(INPUT RECORDS):
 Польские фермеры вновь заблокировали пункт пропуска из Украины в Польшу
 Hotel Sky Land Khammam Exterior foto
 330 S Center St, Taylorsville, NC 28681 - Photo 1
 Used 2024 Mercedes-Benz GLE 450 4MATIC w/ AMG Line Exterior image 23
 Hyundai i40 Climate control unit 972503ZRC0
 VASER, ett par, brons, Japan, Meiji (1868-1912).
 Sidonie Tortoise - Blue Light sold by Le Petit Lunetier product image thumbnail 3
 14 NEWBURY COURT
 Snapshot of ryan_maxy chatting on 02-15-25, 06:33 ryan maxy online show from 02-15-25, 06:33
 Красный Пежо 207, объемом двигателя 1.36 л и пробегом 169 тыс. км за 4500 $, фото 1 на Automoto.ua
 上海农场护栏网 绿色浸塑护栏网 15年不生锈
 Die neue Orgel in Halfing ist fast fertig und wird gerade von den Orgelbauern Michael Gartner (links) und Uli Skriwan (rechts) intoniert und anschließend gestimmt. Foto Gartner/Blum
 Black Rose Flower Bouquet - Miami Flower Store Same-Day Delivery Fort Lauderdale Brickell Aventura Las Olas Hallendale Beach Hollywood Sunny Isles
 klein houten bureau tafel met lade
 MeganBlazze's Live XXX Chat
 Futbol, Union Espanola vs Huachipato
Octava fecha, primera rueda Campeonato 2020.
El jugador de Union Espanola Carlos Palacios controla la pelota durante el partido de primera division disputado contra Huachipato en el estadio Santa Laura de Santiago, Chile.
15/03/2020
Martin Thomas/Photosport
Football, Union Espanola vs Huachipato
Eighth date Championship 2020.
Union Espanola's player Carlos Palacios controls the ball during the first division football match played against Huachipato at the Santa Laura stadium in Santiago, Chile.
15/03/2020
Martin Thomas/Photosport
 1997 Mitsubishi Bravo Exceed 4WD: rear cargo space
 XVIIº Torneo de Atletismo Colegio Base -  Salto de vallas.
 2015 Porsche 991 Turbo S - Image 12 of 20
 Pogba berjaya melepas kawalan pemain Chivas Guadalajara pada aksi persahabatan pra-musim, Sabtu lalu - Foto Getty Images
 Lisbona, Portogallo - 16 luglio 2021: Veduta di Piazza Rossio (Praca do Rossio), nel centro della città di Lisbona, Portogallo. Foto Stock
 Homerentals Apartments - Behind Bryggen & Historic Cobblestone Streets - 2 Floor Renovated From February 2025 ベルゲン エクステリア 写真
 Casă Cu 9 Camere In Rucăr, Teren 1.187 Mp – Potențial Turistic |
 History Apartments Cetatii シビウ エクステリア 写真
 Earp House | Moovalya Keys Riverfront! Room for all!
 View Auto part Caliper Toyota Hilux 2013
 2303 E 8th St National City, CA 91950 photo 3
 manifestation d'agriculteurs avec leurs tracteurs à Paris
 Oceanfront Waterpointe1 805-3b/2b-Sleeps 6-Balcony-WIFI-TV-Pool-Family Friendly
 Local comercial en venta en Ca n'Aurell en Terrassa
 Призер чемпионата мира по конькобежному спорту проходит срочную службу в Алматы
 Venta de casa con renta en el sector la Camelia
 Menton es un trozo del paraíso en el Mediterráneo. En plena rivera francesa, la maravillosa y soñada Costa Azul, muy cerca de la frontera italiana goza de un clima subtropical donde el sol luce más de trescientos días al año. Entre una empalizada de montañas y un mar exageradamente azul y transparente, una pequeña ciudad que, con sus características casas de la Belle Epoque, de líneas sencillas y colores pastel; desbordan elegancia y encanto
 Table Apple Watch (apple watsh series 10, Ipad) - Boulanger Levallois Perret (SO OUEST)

(WHAT TO WORK ON): Gather each line in the data that holds the string "primera".

(ANSWER FOR THIS EXERCISE):
Octava fecha, primera rueda Campeonato 2020.
El jugador de Union Espanola Carlos Palacios controla la pelota durante el partido de primera division disputado contra Huachipato en el estadio Santa Laura de Santiago, Chile.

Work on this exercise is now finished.